HACCP (Hazard Analysis and Critical Control Points) is an international food safety management system. In practice, it means the company systematically analyzes all potential hazards—from receiving raw materials, through storage and production, to transport. Control procedures are introduced at each critical point. For you as a customer, this is a guarantee that nothing happens by accident—every stage is monitored.

ISO 17100 is a quality management standard for processes. It means the company has documented procedures and reviews and improves them regularly. It ensures that your Monday meal will be just as good as your Friday one.

Healthy Brand of the Year and the Cleaner Production certificate are confirmations from external institutions and industry experts that the company truly cares about standards, not just claims to.

What does this mean for you? That every meal passes through a quality control system, and if any issue arises, the company knows exactly where to look for the cause and how to eliminate it.

From the kitchen to your fridge — a controlled cold chain

The most valuable recipe means little if the food loses freshness during transport. That’s why professional diet catering invests in cooling infrastructure.

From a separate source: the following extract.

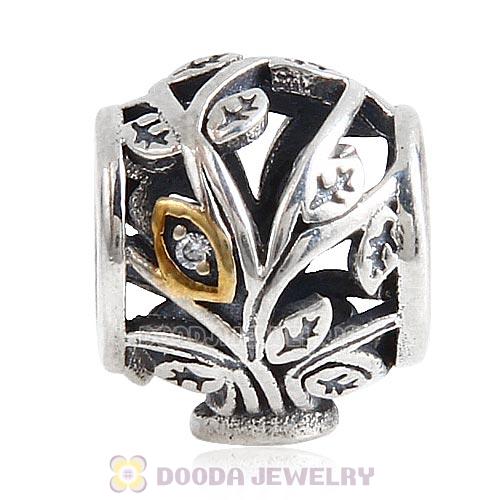 Gold Plated Sterling Silver Family Tree Beads with Clear CZ Stone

Modern cold rooms with temperature monitoring aren’t just regular fridges. They are spaces with precise control over storage conditions, where temperature is measured and logged in an IT system. Any deviation triggers an alarm. Products are sorted by type and expiration date, eliminating the risk of errors.

An in-house fleet of refrigerated vehicles is a key investment. Why in-house? Because it gives full control. Third-party couriers may deliver other parcels, make multiple stops, and open the cargo area. Our own vehicles ensure the temperature remains 2–6°C throughout transport and that meals reach you without unnecessary stops.

Packing procedures go a step further. Hermetic packaging protects against contamination, and every meal is clearly labeled with the production date, use-by date, ingredients, nutrition facts, and allergens. This isn’t optional—it’s required by safety standards.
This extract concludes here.